▶ Work to complete: With pictures removed, the data below should be returned exactly.

━━ Data block ━━

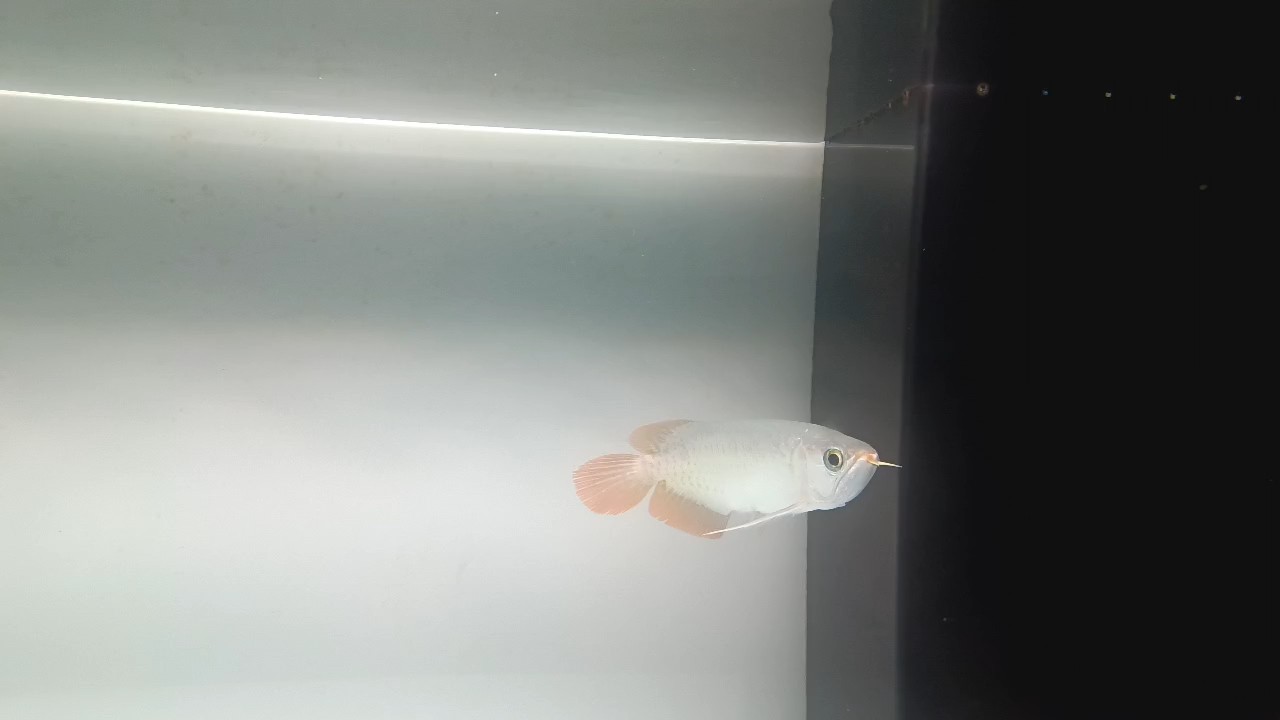 建個檔 建個檔 龍魚論壇
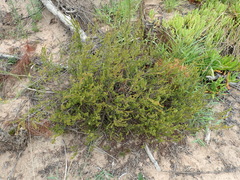 Struthiola parviflora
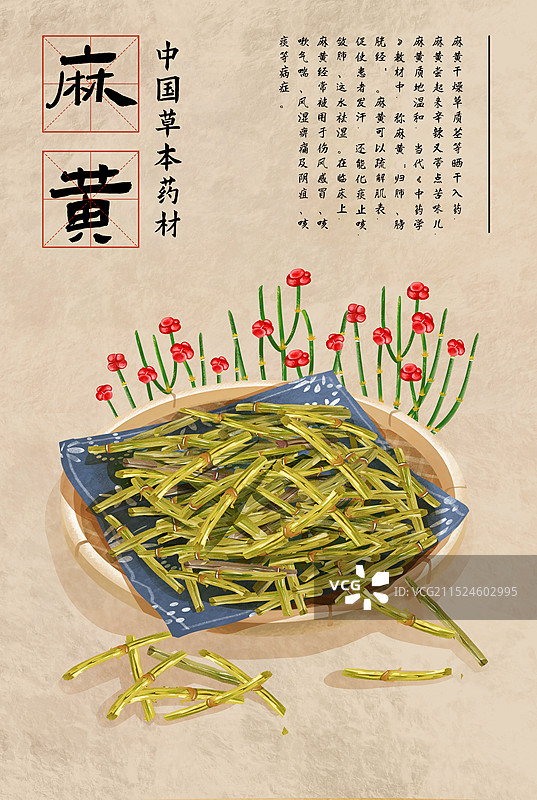 中国传统文化中草药药材之麻黄图片素材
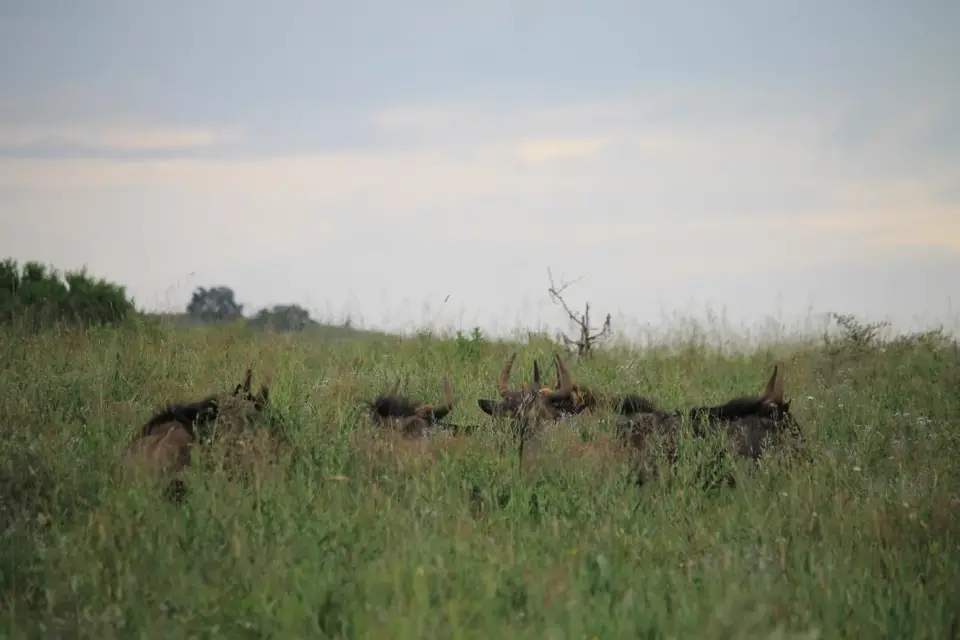 KZN27_(200).jpg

━━━

▶ Response area:
 建個檔 建個檔 龍魚論壇
 Struthiola parviflora
 中国传统文化中草药药材之麻黄图片素材
 KZN27_(200).jpg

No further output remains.